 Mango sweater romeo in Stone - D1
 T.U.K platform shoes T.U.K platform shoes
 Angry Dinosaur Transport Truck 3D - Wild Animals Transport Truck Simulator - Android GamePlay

------------------------

Task objective :: Retype the data in full and match it exactly.

Solution for this task ::
 Mango sweater romeo in Stone - D1
 T.U.K platform shoes T.U.K platform shoes
 Angry Dinosaur Transport Truck 3D - Wild Animals Transport Truck Simulator - Android GamePlay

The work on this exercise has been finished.